Records provided>
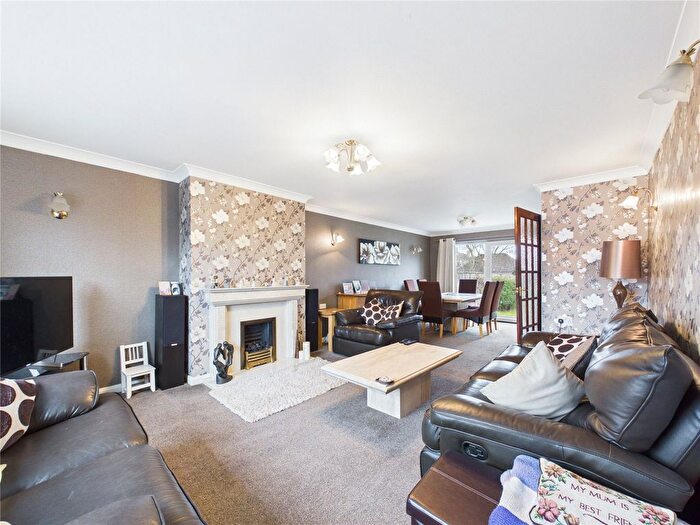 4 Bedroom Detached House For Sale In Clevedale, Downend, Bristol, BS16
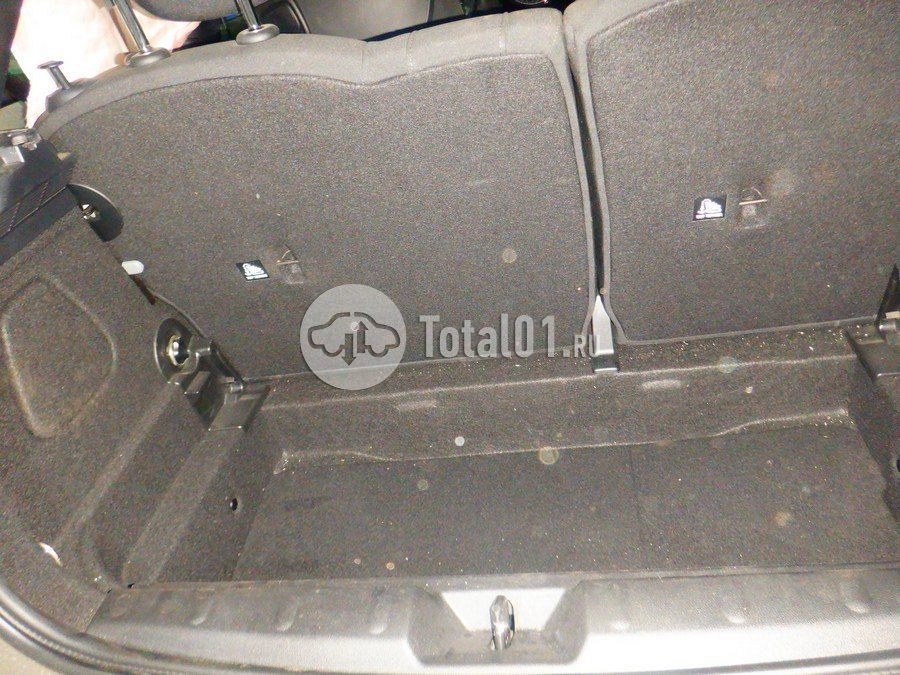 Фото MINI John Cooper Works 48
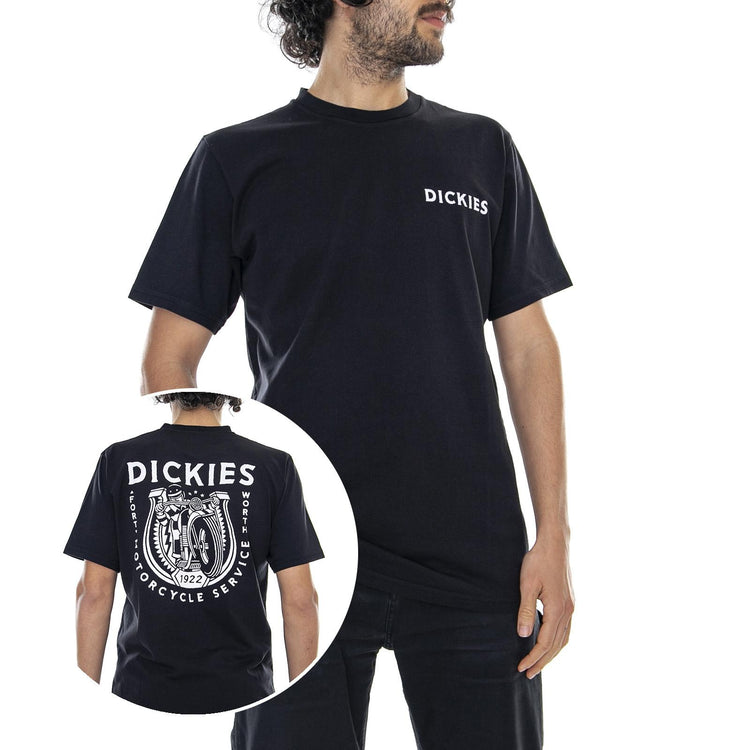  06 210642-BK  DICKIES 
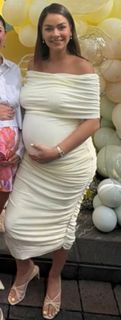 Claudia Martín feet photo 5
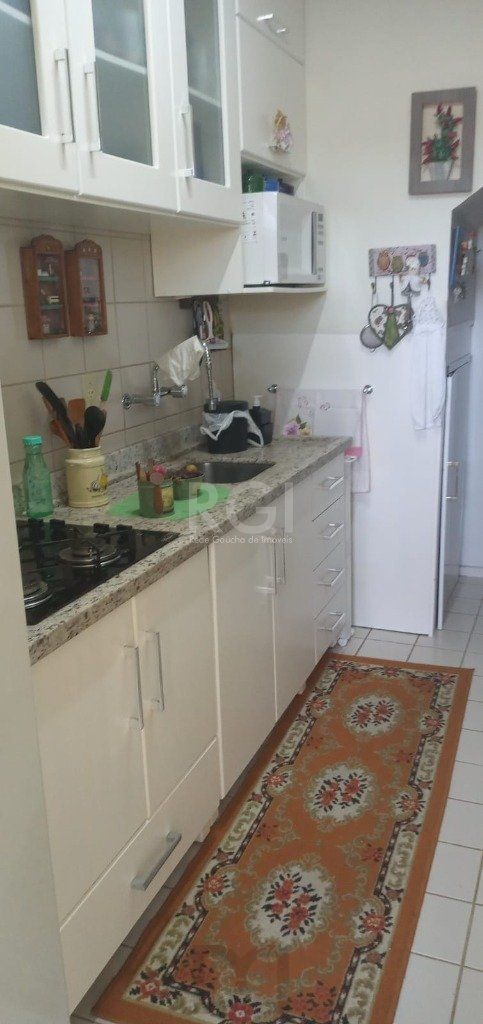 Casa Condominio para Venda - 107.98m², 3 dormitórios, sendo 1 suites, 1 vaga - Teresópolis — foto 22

---

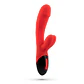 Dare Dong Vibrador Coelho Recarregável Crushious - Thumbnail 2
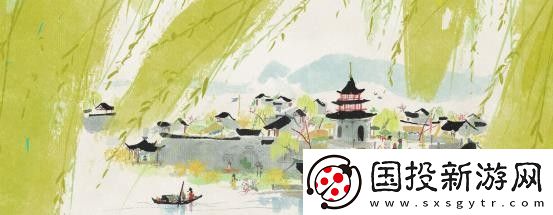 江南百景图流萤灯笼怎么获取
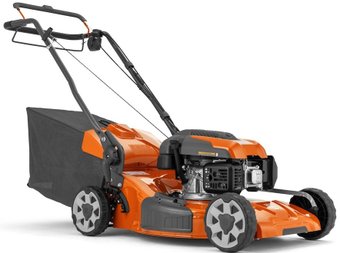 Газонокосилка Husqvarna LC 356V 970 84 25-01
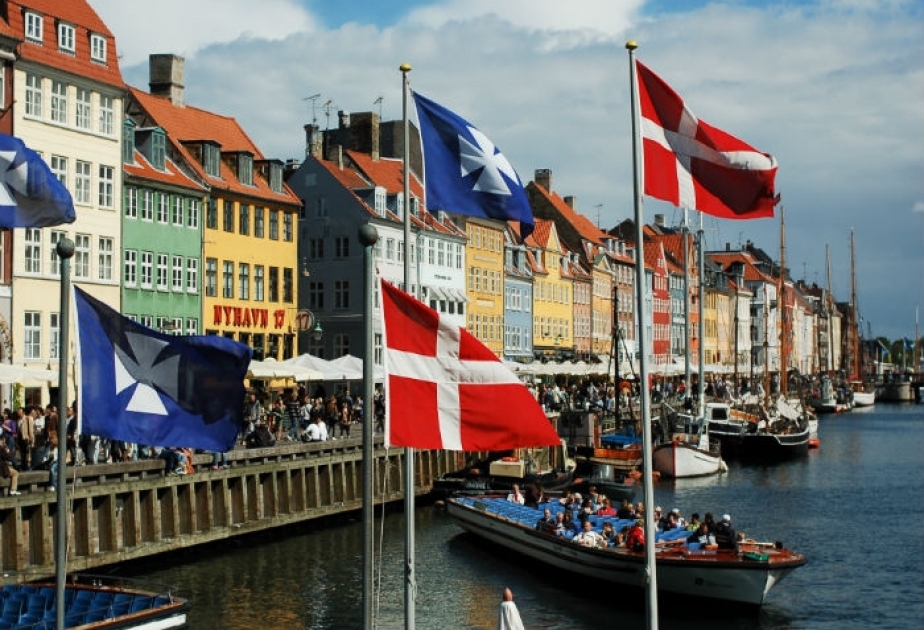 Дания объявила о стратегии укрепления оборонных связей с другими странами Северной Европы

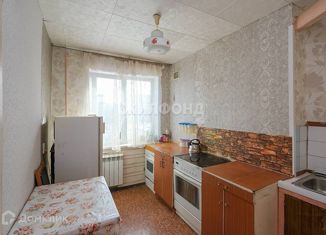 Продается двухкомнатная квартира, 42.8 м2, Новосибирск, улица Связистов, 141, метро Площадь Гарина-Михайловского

Assigned task>
What is wanted is an exact copy of the lines above from the one containing "Claudia Martín feet photo 5" through the one containing "Casa Condominio para", with no pictures in it.

Reply to the exercise>
 Claudia Martín feet photo 5
 Casa Condominio para Venda - 107.98m², 3 dormitórios, sendo 1 suites, 1 vaga - Teresópolis — foto 22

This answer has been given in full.